Bloomberg highlighted a number of initiatives that the Center has helped create, including the Harlem Parole Reentry Court, Queens Engagement Strategies for Teens, and Bronx Community Solutions. “By giving judges more options, more carrots and more sticks, the Center gives defendants a better chance to turn their lives around and stay out of trouble,” the three-term mayor said. “Reducing recidivism is one of the toughest things to do in criminal justice, but it is probably the most important and has the greatest impact on crime rates. Everybody wins when it happens, our streets are safer, taxpayers spend less money on jail, and people put their talents to more productive uses.
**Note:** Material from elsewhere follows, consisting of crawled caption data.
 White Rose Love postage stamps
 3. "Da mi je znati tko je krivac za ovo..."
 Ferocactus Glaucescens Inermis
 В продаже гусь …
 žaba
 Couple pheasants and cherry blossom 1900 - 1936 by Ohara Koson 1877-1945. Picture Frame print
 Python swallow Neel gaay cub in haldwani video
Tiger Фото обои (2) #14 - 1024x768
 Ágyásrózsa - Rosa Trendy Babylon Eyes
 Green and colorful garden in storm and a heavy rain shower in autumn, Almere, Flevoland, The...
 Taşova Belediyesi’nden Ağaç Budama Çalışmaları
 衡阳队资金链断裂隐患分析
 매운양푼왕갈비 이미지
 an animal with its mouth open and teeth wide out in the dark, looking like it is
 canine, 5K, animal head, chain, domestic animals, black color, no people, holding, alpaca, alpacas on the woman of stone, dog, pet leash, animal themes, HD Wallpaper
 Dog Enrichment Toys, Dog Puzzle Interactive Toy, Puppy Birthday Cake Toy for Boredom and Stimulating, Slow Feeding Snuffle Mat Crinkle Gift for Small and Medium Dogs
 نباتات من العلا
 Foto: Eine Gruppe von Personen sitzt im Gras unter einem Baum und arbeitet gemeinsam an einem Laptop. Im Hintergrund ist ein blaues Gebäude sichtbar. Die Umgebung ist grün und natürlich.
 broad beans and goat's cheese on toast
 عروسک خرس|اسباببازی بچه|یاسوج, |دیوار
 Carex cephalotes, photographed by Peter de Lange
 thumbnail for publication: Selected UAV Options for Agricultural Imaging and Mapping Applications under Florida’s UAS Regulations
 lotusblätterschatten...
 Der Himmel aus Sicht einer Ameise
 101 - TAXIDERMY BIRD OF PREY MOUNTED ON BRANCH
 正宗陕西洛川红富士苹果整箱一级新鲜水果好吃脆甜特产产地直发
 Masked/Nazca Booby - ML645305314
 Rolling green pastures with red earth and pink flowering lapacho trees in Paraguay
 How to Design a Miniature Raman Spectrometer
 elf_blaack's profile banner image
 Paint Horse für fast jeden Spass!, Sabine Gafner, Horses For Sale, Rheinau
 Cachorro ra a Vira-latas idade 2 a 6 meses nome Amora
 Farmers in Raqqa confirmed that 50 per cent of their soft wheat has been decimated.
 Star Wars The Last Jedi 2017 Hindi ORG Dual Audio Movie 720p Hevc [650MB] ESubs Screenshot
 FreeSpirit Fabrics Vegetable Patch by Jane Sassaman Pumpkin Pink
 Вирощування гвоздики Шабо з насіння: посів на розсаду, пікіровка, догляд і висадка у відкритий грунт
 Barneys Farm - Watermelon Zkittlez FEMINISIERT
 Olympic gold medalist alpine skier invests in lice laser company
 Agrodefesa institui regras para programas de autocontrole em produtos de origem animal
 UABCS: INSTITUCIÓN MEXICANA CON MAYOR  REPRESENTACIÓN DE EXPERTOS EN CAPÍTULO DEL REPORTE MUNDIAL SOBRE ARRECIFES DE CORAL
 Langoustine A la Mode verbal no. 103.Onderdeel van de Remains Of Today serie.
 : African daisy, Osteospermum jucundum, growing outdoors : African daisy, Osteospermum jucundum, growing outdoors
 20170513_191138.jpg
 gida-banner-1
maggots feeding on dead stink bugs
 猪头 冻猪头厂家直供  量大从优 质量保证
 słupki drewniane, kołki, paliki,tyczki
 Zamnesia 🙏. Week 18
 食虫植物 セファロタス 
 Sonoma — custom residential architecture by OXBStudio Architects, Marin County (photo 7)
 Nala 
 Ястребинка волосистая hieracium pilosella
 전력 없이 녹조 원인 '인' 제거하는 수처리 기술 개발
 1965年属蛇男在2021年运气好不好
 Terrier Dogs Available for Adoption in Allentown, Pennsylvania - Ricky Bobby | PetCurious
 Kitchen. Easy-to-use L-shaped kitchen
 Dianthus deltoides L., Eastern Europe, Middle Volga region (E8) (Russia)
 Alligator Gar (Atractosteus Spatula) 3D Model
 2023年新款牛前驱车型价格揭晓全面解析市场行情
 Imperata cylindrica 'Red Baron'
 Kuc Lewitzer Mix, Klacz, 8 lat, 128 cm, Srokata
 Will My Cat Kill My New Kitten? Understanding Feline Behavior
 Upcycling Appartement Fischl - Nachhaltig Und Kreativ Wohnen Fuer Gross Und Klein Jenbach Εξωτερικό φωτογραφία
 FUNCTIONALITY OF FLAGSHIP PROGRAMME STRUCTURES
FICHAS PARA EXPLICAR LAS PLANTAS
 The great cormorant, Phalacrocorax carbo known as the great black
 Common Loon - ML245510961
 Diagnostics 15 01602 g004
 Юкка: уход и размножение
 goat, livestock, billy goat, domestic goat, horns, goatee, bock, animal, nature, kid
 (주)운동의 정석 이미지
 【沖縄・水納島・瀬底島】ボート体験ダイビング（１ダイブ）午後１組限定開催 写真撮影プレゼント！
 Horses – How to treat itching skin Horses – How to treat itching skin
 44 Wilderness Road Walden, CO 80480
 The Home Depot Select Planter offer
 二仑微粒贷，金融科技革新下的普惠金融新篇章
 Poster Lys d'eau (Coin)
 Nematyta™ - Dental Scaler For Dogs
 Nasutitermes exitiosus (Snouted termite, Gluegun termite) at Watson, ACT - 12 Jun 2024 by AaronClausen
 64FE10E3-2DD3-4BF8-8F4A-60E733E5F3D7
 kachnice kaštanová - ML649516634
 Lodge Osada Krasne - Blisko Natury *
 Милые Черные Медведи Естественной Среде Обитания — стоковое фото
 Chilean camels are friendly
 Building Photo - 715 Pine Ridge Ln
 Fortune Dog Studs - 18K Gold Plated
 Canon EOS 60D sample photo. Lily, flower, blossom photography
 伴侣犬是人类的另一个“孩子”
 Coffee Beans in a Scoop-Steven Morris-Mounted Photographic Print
And I think it’s fair to say that no one has been as effective at finding new ways to reduce recidivism than the Center for Court Innovation.” (Click here to see more photos on the mayor’s flickr page. Click here to see New York Law Journal's coverage of the event).
Lippman noted that the Center has helped the New York court system defy conventional wisdom by demonstrating that “it is possible to reduce both crime and incarceration.” He added: “There are many reasons why New York has been able to achieve these remarkable results. Certainly, the Center for Court Innovation, with its support of thoughtful innovation and well-crafted and well-evaluated alternatives to incarceration, has been part of this story.”
Center Director Greg Berman highlighted John Feinblatt’s accomplishments: “The number one lesson that I ever learned from John is that rhetoric is ultimately meaningless and that, at the end of the day, action trumps talk.… It’s John’s commitment to making things happen in the real world that has given us the Midtown Community Court, that has given us the Center for Court Innovation, that has given us a reformed juvenile justice system in New York City, that has given us success in the national fight against illegal guns.”
Feinblatt, who leads many of the Bloomberg administration’s anti-crime initiatives, said that the mayor has encouraged him to bring the creative spirit from the Center for Court Innovation to his work for the city. The mayor “doesn’t just ask 'how can we do it better?' but 'why do we do it that way in the first place?' I think that’s the same spirit that has animated the Center for Court Innovation—its willingness to challenge orthodoxy,” Feinblatt said.
Over the course of 15 years, the Center has created nearly two dozen demonstration projects in New York and New Jersey. The Center has also worked with New York’s court system to develop more than 200 drug treatment courts, domestic violence courts, mental health courts, and community courts throughout the state; authored groundbreaking research demonstrating the efficacy of drug treatment as an alternative to incarceration; and received numerous national awards, including the Peter F. Drucker Award for Non-Profit Innovation and the Innovations in American Government Award from Harvard University and the Ford Foundation.